Interobserver agreement regarding image analysis was evaluated with kappa (κ) statistics and intraclass correlation coefficients (ICCs). Kappa values were indicated as follows: less than 0.20, poor agreement; 0.21–0.40, fair agreement; 0.41–0.60, moderate agreement; 0.61–0.80, good agreement; and greater than 0.81, excellent agreement. ICC results were interpreted according to the following criteria: poor (ICC <0.50), moderate (ICC=0.50–0.74), good (ICC=0.75–0.90), and excellent (ICC>0.90) [14].
To evaluate the independent predictors of success rates for tumor localization, we used binary logistic regression analysis. We measured the receiver operating characteristic (ROC) curve to evaluate the accuracy of pre-operative ACTH as a tool for determining the success of localization. The Youden index, a function of sensitivity and specificity, was calculated to identify the optimal cutoff point. The index ranges from 0 to 1, where a value closer to 1 indicates better performance of the test in distinguishing between conditions. Statistical analyses were performed using SPSS software version 18 (SPSS Inc., Chicago, IL, USA). Statistical significance was set at P<0.05.
Patients’ characteristics
The baseline characteristics of the patients included in this study are shown in Table 1. The median age of the 30 patients at diagnosis was 34 years (range, 15 to 68). Most patients were women (77%). The median adenoma size measured by MRI was 8.50 mm (range, 3.00 to 72.00). Eleven adenomas were macroadenomas and 19 were microadenomas. Moreover, 20 tumors showed no cavernous sinus invasion.
We classified the patients into two groups depending on focal pituitary DOTATOC uptake on 68Ga-DOTATOC PET/CT and compared their baseline characteristics (Table 1). We defined the DOTATOC uptake group as those who showed focal difference of DOTATOC uptake compared to adjacent tissues on 68Ga-DOTATOC PET/CT and the no-uptake group as those who did not. We presented DOTATOC images in Fig. 1. Five patients had no DOTATOC uptake on PET/CT images, although their tumors were pathologically confirmed. All members of the no-uptake group were female. The 24-hour UFC, pre-operative ACTH, and pre-operative cortisol levels were higher in the DOTATOC uptake group compared with the no-uptake group, but this difference was not statistically significant (694.60 µg/day vs. 456.20 µg/day, 84.30 pg/mL vs. 50.87 pg/mL, and 20.60 µg/dL vs. 17.90 µg/dL, respectively).
Comparison of 68Ga-DOTATOC PET/CT, MRI, and BIPSS in CD
We compared the success rates of localizing adenomas using 68Ga-DOTATOC PET/CT, MRI, and BIPSS, based on the location of adenomas identified by surgeons following TSA. All surgically identified adenomas were positive for ACTH immunoreactivity.

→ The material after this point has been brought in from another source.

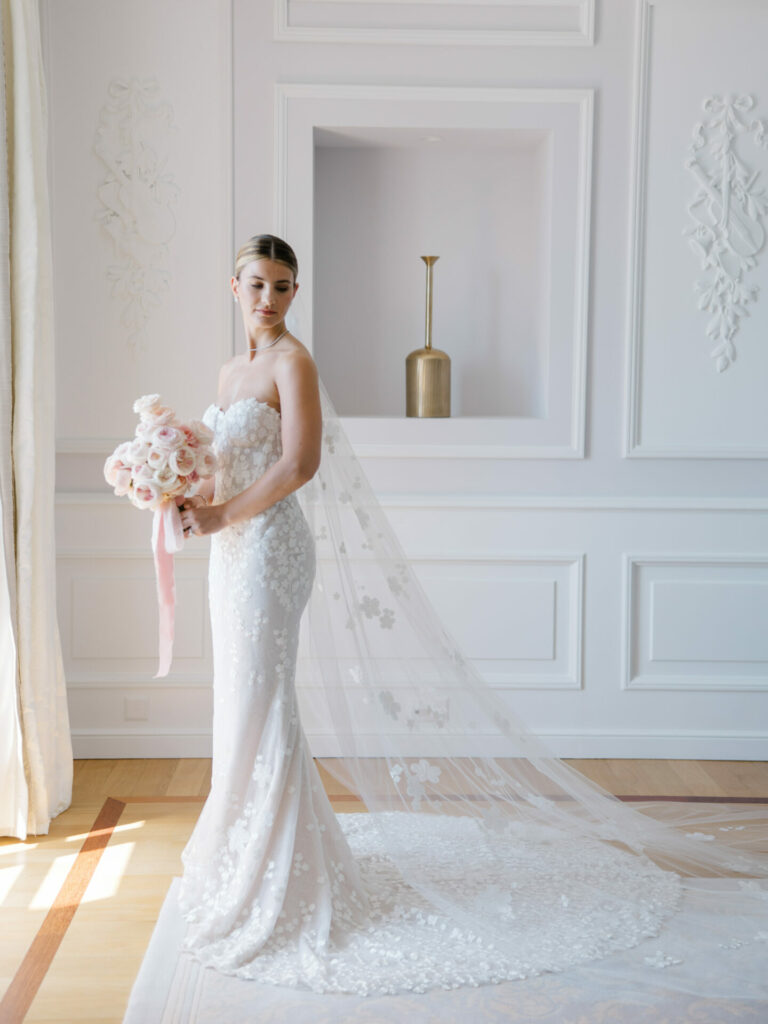 Bride in lace gown holds bouquet indoors, floral veil.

The interobserver agreement for localizing adenomas was 0.903 (95% confidence interval [CI], 0.776 to 1.030) for DOTATOC PET/CT and 0.946 (95% CI, 0.842 to 1.050) for sellar MRI, confirming excellent interobserver agreement. The intraobserver agreement was also confirmed to be above 0.9, and the results were judged reliable. MRI, which is the standard for diagnosis, successfully localized pituitary tumors in 90.00% of patients with CD. In comparison, 77% of PET and 68% of BIPSS were successful in localizing tumors. The success rates of these three methods were not statistically different for the localization of ACTH-secreting pituitary tumors (P=0.127). For microadenomas, MRI showed a success rate of 84% for localization compared to 74% with 68Ga-DOTATOC PET/CT and 63% with BIPSS (P=0.401).

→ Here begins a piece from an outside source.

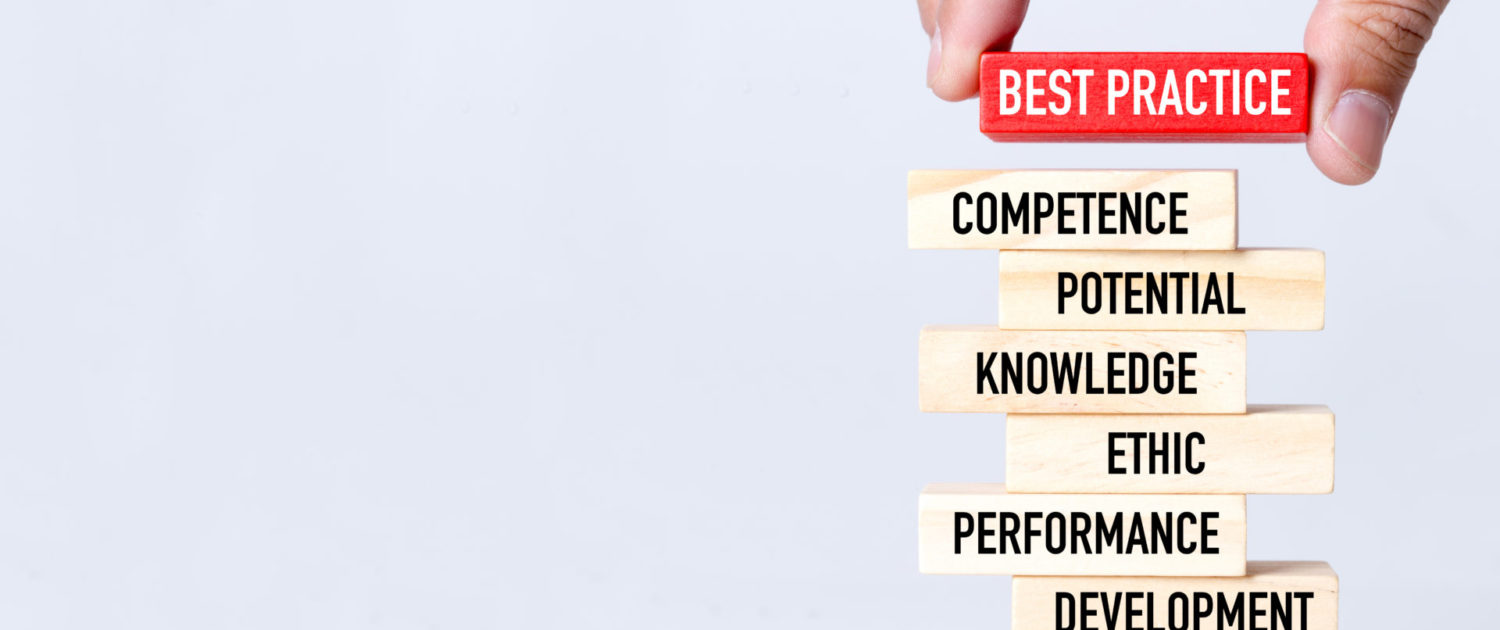 Businessman Building BEST PRACTICE Concept with Wooden Blocks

Regarding MRI, the success rate of localization was 100% for macroadenomas but decreased to 84% for microadenomas. This difference was not statistically significant (P=0.239) (Table 2). 68Ga-DOTATOC PET/CT and BIPSS did not show differences in the success rates of localizing macroadenomas and microadenomas.

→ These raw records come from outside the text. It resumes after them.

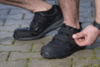 Preview: The image shows a man tightening a black Velcro shoe with one hand. He is standing on a cobblestone path with green moss between the stones.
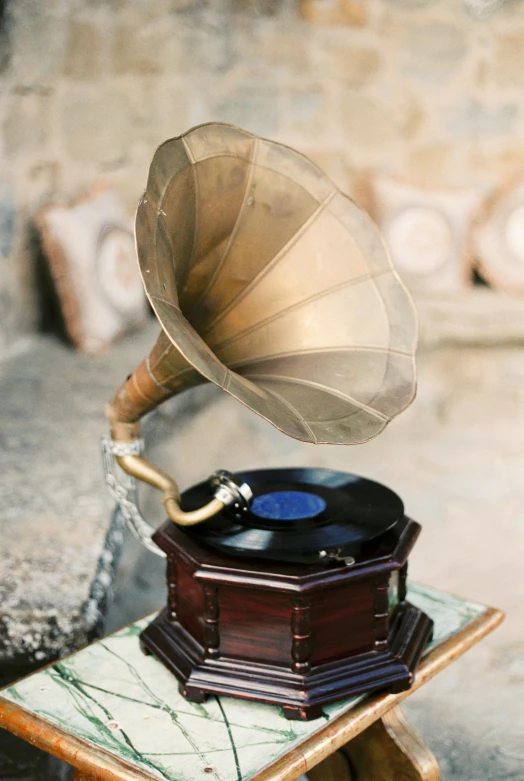 there is a musical record sitting on top of an old record player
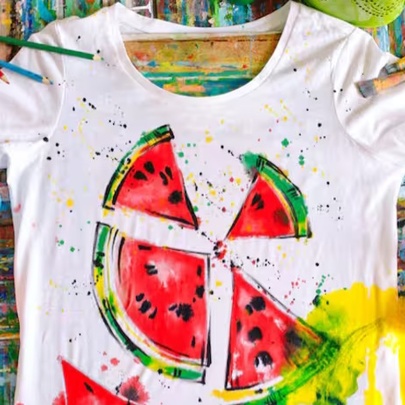 A white T-shirt painted with a watermelon slice design using fabric paint, with pots of paint and brushes on a craft table.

False-positive cases for localizing corticotroph adenomas on 68Ga-DOTATOC PET/CT
The qualitative analysis of tumor localization for CD is presented in Table 3. There were two cases with false-positive DOTATOC uptake for pituitary adenoma localization in our study.
The first case (case 29) had a T2 hyperintense adenoma suspicious lesion on the left wing of the pituitary gland on MRI, and DOTATOC uptake was shown in the left side of the pituitary gland. BIPSS revealed a central tumor, lateralized to the right side of the pituitary. The surgeon identified a solid tumor on the right side of the pituitary gland and successfully removed it. Results of pathology and ACTH immunohistochemistry identified an ACTH-secreting pituitary tumor.
The second case (case 28) was diagnosed with ACTH-dependent CD. The basal ACTH level was 37.76 pg/mL and cortisol secretion was suppressed on the HD DST; however, sellar MRI did not reveal any suspicious lesions. DOTATOC uptake was identified on the left side of the pituitary gland. BIPSS identified a central tumor but failed to lateralize the tumor. Surgery revealed an ACTH-secreting pituitary adenoma in the middle of the pituitary gland.
Comparison of imaging and clinical characteristics depending on successful localization of corticotroph adenomas on 68Ga-DOTATOC PET/CT
Twenty-three adenomas were successfully localized using 68Ga-DOTATOC PET/CT, while seven were not. We compared several parameters between the successful and failed tumor localization groups using 68Ga-DOTATOC PET/CT (Table 4).
Between the two groups, there was no difference in median age at diagnosis (34 years vs. 42 years), female proportion (74% vs. 86%), 24-hour UFC level (712.50 µg/day vs. 456.20 µg/day), and pre-operative cortisol level (20.60 µg/dL vs. 18.80 µg/dL) (all P>0.05). The only difference between the two groups was the pre-operative ACTH level. The pre-operative ACTH level in the group with successful localization (84.41 pg/mL [range, 39.24 to 286.40]) was significantly higher than that in the group without localization (37.26 pg/mL [range, 19.99 to 77.58], P=0.001). Further, the success rate for localization was not affected by the tumor size when using 68Ga-DOTATOC PET/CT (8.50 mm [range, 3.00 to 29.00] vs. 6.0 mm [range, 4.00 to 72.00], P=1.000).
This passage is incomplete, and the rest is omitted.